Sebanyak 33 nelayan yang membantai hiu-hiu tersebut sempat ditangkap oleh tim patroli gabungan. Namun, sayangnya para nelayan yang kerap melakukan penangkapan ikan secara ilegal di wilayah konservasi perairan Raja Ampat itu melarikan diri.
"Penangkapan ikan secara ilegal di kawasan konservasi hiu Raja Ampat merupakan kejadian yang sangat kami sesalkan," kata Direktur Eksekutif Conservation International Indonesia, Ketut Sarjana Putra, dalam siaran pers yang diterima Tempo, Senin, 7 Mei 2012.
Menurut Ketut, tindakan ilegal para nelayan dapat merusak proses peremajaan hiu di kawasan konservasi. Pembantaian puluhan hiu juga merugikan masyarakat lokal karena mengurangi ketersediaan ikan hiu yang bernilai ekonomi tinggi bagi mereka.
Pembantaian puluhan hiu spesies whitetip shark ini diketahui pada hari Senin, 30 April 2012 saat tim patroli gabungan memergoki aktivitas ilegal kapal penangkap ikan di sekitar Pulau Sayang dan Pulau Piai yang ada di dalam Kawasan Konservasi Perairan Waigeo Barat, Kabupaten Raja Ampat.
Berdasarkan adat, kawasan ini dimiliki secara turun-temurun oleh suku Kawe. Sejak empat tahun lalu secara adat suku Kawe telah menyatakan area seluas 155 ribu hektare di Wayag dan Sayang tertutup untuk kegiatan penangkapan ikan.

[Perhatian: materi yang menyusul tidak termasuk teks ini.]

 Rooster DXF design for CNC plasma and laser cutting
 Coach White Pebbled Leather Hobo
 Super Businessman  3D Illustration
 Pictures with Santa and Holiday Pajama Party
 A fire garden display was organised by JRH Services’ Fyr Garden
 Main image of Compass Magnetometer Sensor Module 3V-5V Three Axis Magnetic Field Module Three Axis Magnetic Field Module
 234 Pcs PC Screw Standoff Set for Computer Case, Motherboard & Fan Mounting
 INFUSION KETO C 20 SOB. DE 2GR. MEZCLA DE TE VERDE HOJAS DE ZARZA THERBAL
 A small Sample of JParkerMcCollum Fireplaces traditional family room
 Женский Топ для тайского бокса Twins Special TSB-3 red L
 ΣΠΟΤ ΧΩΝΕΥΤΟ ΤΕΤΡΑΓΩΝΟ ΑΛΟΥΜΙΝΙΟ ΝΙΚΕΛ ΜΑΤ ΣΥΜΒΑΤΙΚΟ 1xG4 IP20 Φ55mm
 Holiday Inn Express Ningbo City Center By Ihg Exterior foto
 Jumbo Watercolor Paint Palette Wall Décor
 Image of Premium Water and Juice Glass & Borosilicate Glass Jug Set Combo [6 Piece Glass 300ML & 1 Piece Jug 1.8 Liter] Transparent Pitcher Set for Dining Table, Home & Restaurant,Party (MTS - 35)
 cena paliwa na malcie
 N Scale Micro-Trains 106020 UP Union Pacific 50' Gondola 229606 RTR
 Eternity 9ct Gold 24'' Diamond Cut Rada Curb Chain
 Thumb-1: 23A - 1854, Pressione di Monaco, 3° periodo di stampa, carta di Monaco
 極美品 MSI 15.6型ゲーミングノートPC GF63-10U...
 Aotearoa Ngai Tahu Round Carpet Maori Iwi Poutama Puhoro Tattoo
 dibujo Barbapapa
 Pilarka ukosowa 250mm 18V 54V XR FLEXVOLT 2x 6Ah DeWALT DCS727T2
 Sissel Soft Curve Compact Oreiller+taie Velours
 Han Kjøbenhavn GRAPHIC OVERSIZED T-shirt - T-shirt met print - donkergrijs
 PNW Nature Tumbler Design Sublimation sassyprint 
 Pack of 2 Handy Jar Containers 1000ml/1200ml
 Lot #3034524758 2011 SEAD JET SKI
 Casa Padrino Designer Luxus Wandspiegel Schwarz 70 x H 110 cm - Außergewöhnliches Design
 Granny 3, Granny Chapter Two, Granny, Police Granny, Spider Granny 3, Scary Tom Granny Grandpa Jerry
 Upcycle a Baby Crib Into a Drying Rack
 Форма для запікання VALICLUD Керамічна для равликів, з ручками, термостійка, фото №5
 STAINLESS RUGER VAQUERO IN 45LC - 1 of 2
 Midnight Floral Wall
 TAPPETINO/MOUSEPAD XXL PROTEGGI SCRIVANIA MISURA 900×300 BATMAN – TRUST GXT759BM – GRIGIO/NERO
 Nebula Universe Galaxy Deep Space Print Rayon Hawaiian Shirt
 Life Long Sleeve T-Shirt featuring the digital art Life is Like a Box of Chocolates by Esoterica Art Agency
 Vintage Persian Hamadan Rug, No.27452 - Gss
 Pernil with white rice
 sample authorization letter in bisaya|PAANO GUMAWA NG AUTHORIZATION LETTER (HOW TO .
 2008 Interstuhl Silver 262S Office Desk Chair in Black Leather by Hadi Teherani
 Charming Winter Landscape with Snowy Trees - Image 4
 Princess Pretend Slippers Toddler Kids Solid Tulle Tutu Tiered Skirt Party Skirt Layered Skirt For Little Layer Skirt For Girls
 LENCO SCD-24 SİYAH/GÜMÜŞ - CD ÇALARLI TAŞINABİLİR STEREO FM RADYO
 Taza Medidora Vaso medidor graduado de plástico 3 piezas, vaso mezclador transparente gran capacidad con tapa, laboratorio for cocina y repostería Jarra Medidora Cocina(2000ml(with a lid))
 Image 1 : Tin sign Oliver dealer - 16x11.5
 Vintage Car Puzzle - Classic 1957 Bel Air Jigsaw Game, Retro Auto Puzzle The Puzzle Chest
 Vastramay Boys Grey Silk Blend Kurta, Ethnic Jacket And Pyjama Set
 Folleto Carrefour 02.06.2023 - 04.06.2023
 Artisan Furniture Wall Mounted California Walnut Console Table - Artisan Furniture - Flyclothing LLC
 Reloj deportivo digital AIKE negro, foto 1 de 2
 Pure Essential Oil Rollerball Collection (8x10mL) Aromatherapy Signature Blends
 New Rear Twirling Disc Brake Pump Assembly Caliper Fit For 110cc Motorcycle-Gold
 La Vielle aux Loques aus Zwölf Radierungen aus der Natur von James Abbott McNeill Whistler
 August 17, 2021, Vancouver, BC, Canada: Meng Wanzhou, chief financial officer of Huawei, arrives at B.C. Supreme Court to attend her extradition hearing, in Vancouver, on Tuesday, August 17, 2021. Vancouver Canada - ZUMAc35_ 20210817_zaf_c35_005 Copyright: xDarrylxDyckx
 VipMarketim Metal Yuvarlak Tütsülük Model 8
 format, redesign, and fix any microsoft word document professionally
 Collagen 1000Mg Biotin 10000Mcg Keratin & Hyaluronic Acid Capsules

Kawasan tertutup ini dipantau secara rutin selama 24 jam secara bergantian oleh anggota masyarakat adat Kawe. Penutupan dilakukan untuk membangun bank ikan bagi perairan sekitar yang merupakan sumber mata pencarian masyarakat untuk menangkap ikan.
Tokoh adat dan masyarakat Raja Ampat, Hengky Gaman, mengecam kejadian ini dan meminta pemerintah mengambil tindakan tegas. "Pemerintah harus memberikan hukuman berat kepada nelayan ilegal karena mereka telah mencuri di wilayah yang selama ini kami lindungi," ujar dia.